The Rudd government will introduce new laws to curb excessive termination payments for executives, amid community concern about high "golden handshakes" given to departing company heads.
The Rudd government will introduce new laws to curb excessive termination payments for executives, amid community concern about high "golden handshakes" given to departing company heads.
Treasurer Wayne Swan said under the changes, shareholder approval will be required for payouts of more than one years' base pay.
"It is very important that we ensure executive pay is in step with good governance ... and meets decent community standards," he told reporters.
Mr Swan said there were some instances where the size of so-called "golden handshakes" had been "obscene".
"The government will curb golden handshakes in the form of excessive termination payments," he said.
Mr Swan said under the former Howard coalition government termination payments were up to seven times a director's annual pay before there was any shareholder approval.
"Shareholder approval will now be required for a termination payment exceeding one year's base pay," he said.
"I say this to executives that are listening to or watching this announcement - the government does except you to do the right thing by the community and the country, and particularly given our circumstances at the moment."
The government has also referred the broader issue of executive remuneration to the Productivity Commission, which will provide a final report within nine months.
Mr Swan said the Productivity Commission inquiry will be headed by former Australian Competition and Consumer Commission (ACCC) chief Professor Allan Fels.
Mr Swan said the government wanted to introduce provisions that would result in greater trust between executives and the rest of the community.
Corporate Law Minister Nick Sherry cited some examples of payouts to departing executives.
Last year, OZ Minerals director Owen Hegarty received a bonus of $8.35 million, which amounted to 642 per cent of his base salary.

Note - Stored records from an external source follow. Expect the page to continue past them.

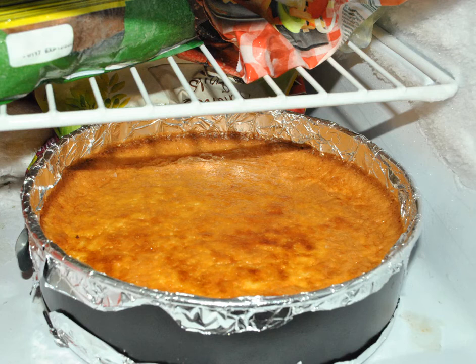Step two: freeze it uncovered for about one hour. Carefully place your cheesecake in the freezer, keep it in there for about one hour, and then take it out again.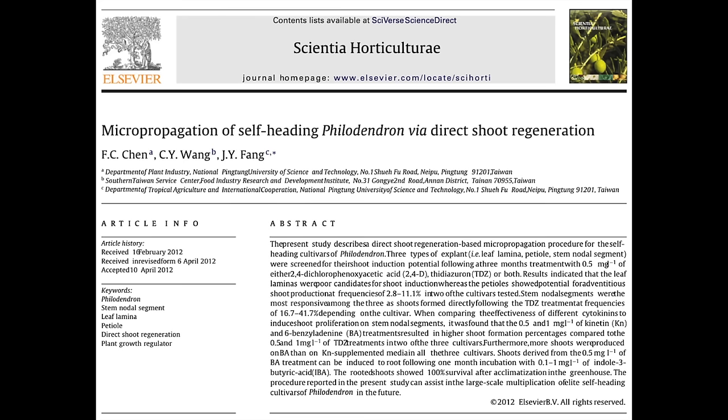Today we're going to tissue culture a philodendron mame, by following a protocol for philodendrons. The first step is to make the tissue culture media by following the instructions outlined in the protocol. There are four main components of tissue culture media, which is the gelatinous substance you see in tissue culture containers. Sometimes it's a liquid, but today we're going to be making solid media, which is the more common approach.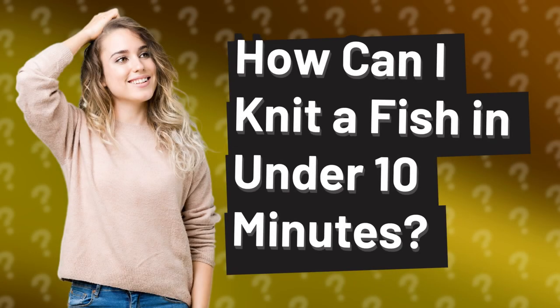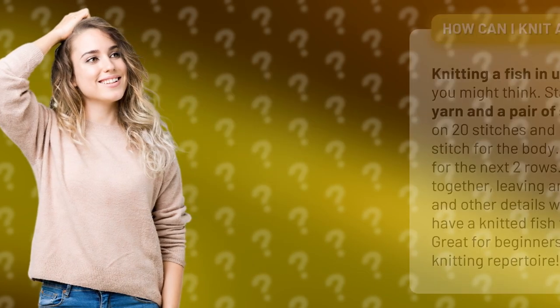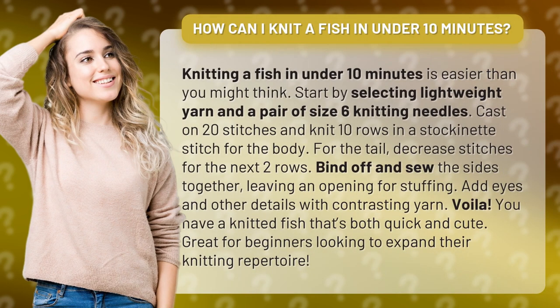How can I knit a fish in under 10 minutes? Knitting a fish in under 10 minutes is easier than you might think. Start by selecting lightweight yarn and a pair of size 6 knitting needles.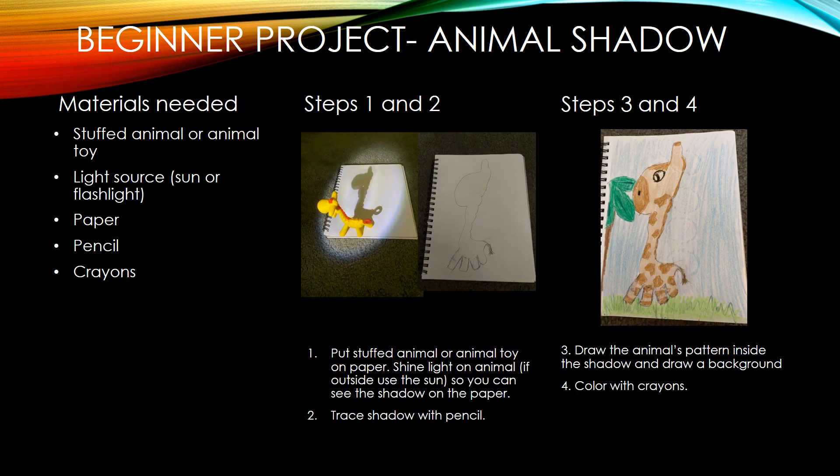For the beginner project, you're going to need a stuffed animal or animal toy, a light source like the sun or a flashlight, paper, pencil, and crayons. You're going to put the stuffed animal or the animal toy on the paper, and then you're going to shine the light on it. Or if you're outside using the sun, you're going to position it so you can see the whole shadow of the animal on the paper. Then you're going to trace it, and then you're going to draw the animal's pattern inside the shadow. If your animal does not have a pattern, like if it's an elephant, it's okay — you're just going to add more details in the background. And then you're going to color with crayons.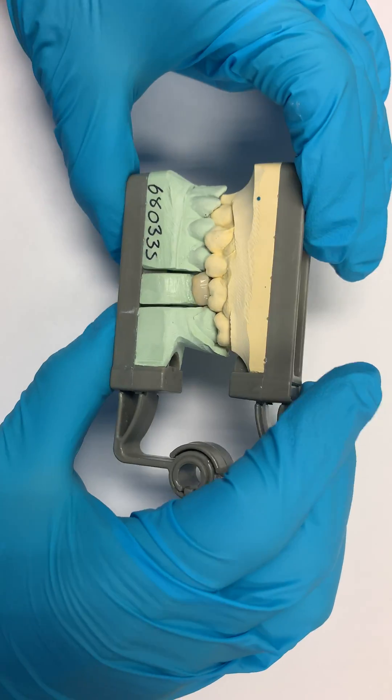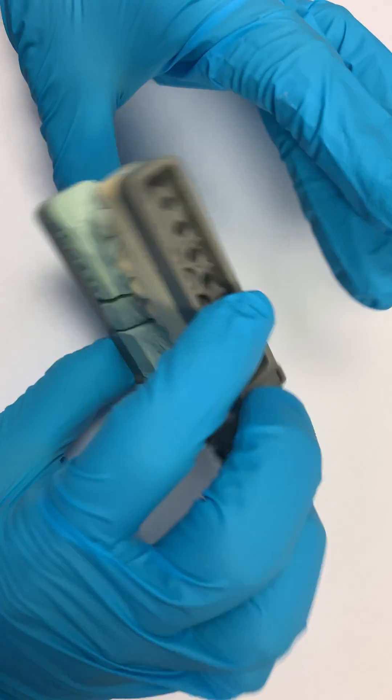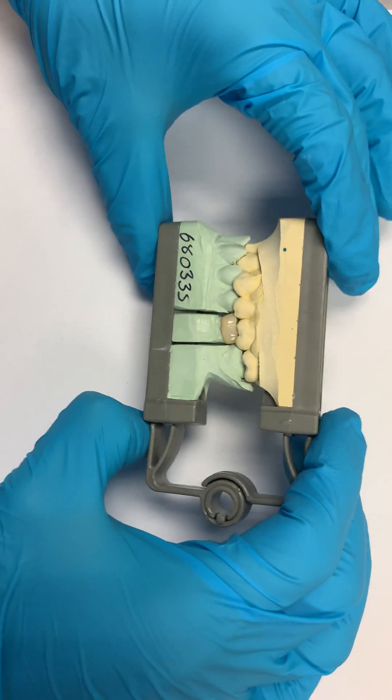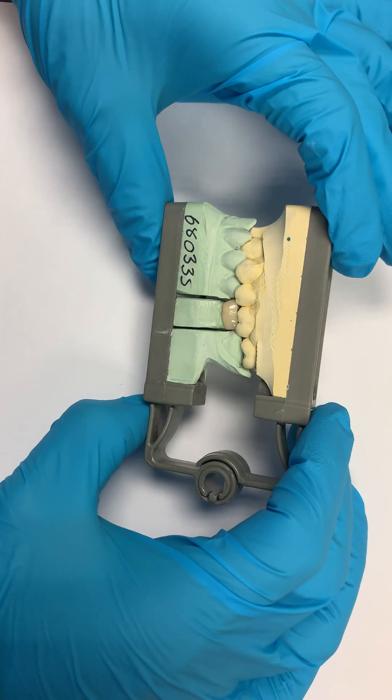The question is: what is more exact and more accurate — an impression from a triple tray or a full arch?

"I would argue very strongly that if these new laws were in place he would have found it very, very difficult to have received that particular payment," Senator said.
Former Publishing and Broadcasting (PBL) boss John Alexander was last year given a $15 million termination payment, 468 per cent of his salary, after PBL was split into Consolidated Media Holdings (CMH) and gaming company Crown.
"Again I would contend that with these provisions in place, he would have found it very difficult to have received this sort of payment," Senator Sherry said of Mr Alexander, now executive chaiman with CMH.
"We believe that the significant reforms we have announced on so-called golden handshakes will be effective."
Mr Swan said Prof Fels' investigation of golden handshakes and sizeable bonuses would be a "professional, dispassionate" examination of the issue.
"The incentives that are provided to corporate Australia go to the very core of whether we are successful in the long term," he said.
The Group of 20 (G20) developing nations are examining excessive pay packets as part of work on dealing with the fallout from the global financial crisis.
"What we've seen in the banking system is incentives which have encouraged excessive risk and we are all now living with the outcome of that," Mr Swan said.
Prof Fels said the inquiry would canvas issues such as the link between pay and performance, forms of executive remuneration and the processes by which executive pay was set.
It would also look at what action should be taken by stakeholders such as government, shareholders and regulatory institutions.
"There is very strong community feeling about this matter," Prof Fels said.
"In particular, when failure is rewarded, when people lose jobs, when companies do badly and yet big bonuses are paid."
The Australian Institute of Company Directors (AICD) believes the new legislation could be counter-productive and that education is a better approach.
"With the benefit of hindsight, it would seem there have been mistakes made in termination payments awarded in some companies," AICD chief executive John Colvin said.
"However, we believe that education is better that legislation in addressing this issue.
"AICD recently released Executive Remuneration Guidelines for listed company boards, including a section on what boards should consider when drafting termination provisions into executive contracts as well as other aspects of executive pay.
"We believe an educative approach is a better solution. We are working with boards to address all areas where the community is concerned about executive remuneration."